*EXERCISE INSTRUCTIONS*. With pictures omitted, restate the data word for word.
[INPUT MATERIAL]
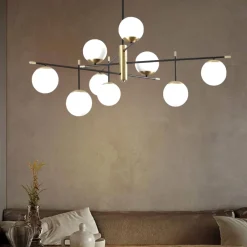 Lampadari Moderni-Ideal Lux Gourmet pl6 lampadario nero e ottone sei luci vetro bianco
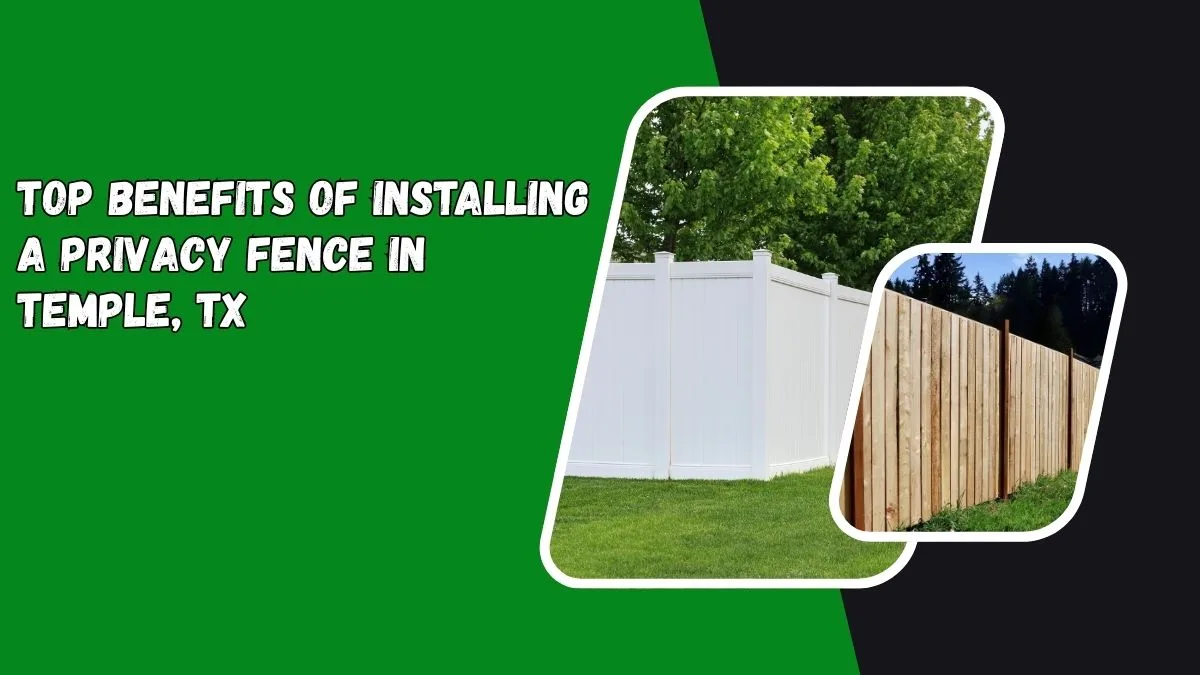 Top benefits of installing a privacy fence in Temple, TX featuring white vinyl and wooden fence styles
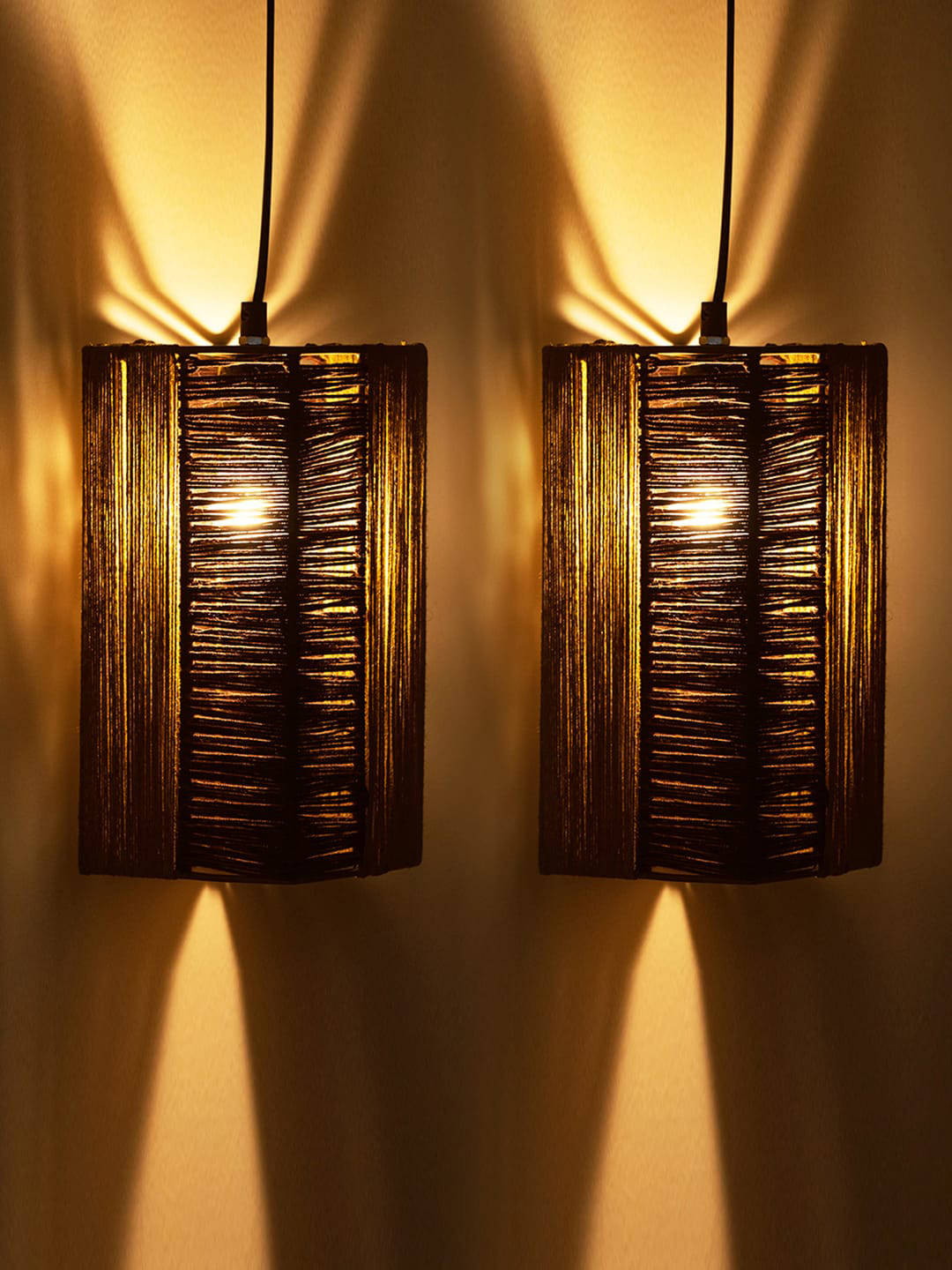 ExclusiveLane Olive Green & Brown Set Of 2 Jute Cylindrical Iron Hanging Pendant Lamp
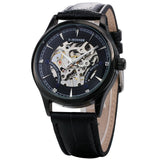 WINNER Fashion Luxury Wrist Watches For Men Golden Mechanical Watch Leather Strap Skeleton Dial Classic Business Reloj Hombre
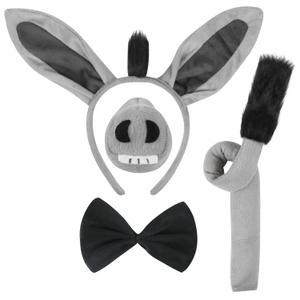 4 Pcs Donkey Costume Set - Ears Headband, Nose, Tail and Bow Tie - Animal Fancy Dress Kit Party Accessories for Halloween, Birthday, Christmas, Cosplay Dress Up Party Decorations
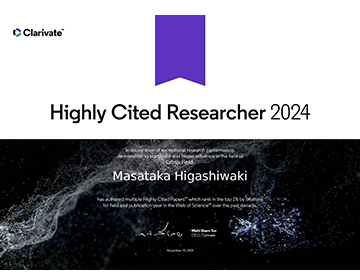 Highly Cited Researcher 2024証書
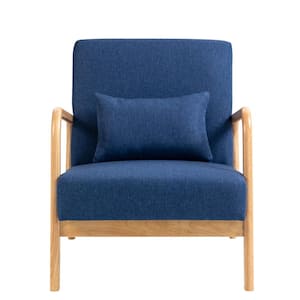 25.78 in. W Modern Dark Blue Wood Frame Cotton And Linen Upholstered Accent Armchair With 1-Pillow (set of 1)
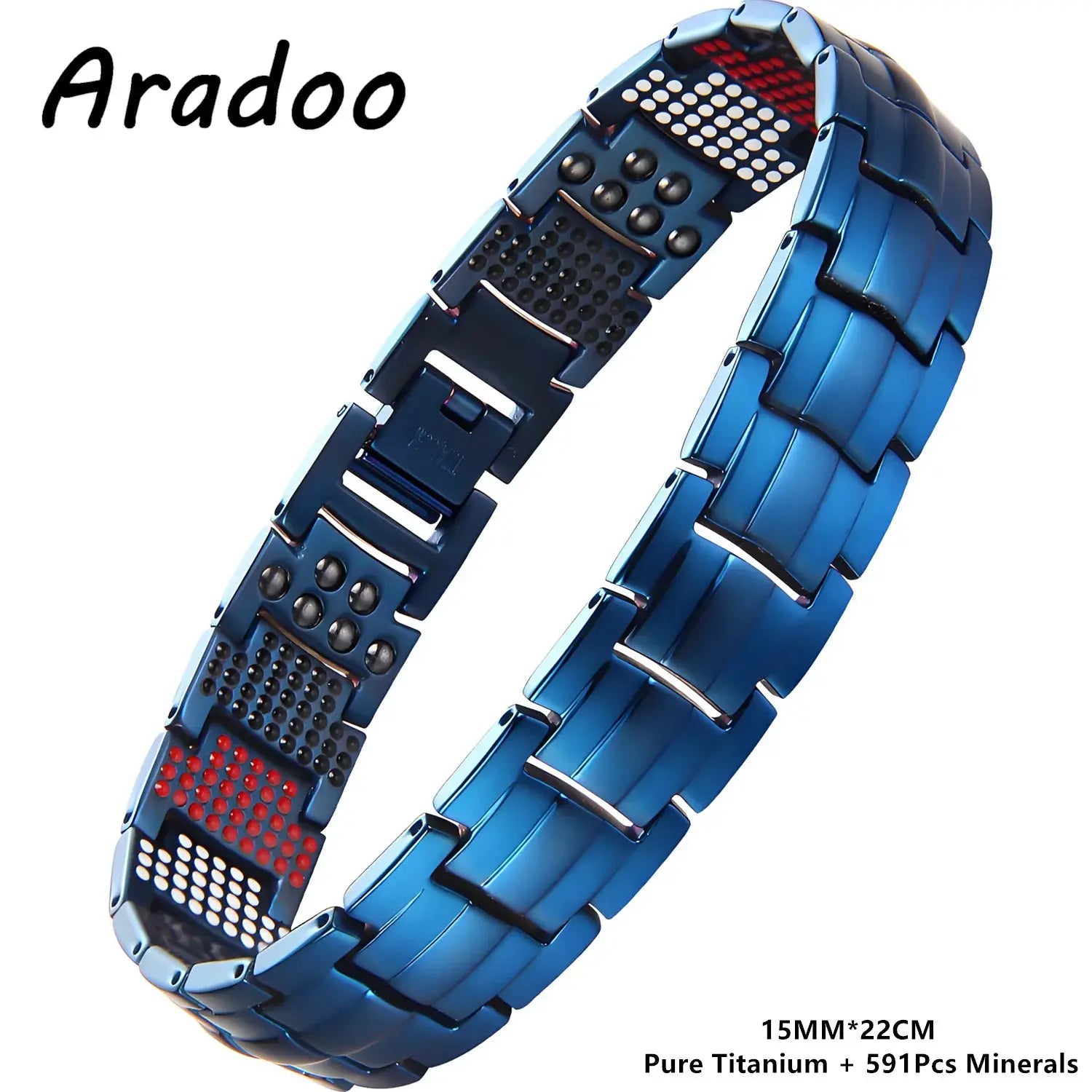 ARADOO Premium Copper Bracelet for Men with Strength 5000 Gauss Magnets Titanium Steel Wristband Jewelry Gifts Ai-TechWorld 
[/INPUT MATERIAL]
*EXPECTED ANSWER*.
 Lampadari Moderni-Ideal Lux Gourmet pl6 lampadario nero e ottone sei luci vetro bianco
 Top benefits of installing a privacy fence in Temple, TX featuring white vinyl and wooden fence styles
 ExclusiveLane Olive Green & Brown Set Of 2 Jute Cylindrical Iron Hanging Pendant Lamp
 WINNER Fashion Luxury Wrist Watches For Men Golden Mechanical Watch Leather Strap Skeleton Dial Classic Business Reloj Hombre
 4 Pcs Donkey Costume Set - Ears Headband, Nose, Tail and Bow Tie - Animal Fancy Dress Kit Party Accessories for Halloween, Birthday, Christmas, Cosplay Dress Up Party Decorations
 Highly Cited Researcher 2024証書
 25.78 in. W Modern Dark Blue Wood Frame Cotton And Linen Upholstered Accent Armchair With 1-Pillow (set of 1)
 ARADOO Premium Copper Bracelet for Men with Strength 5000 Gauss Magnets Titanium Steel Wristband Jewelry Gifts Ai-TechWorld 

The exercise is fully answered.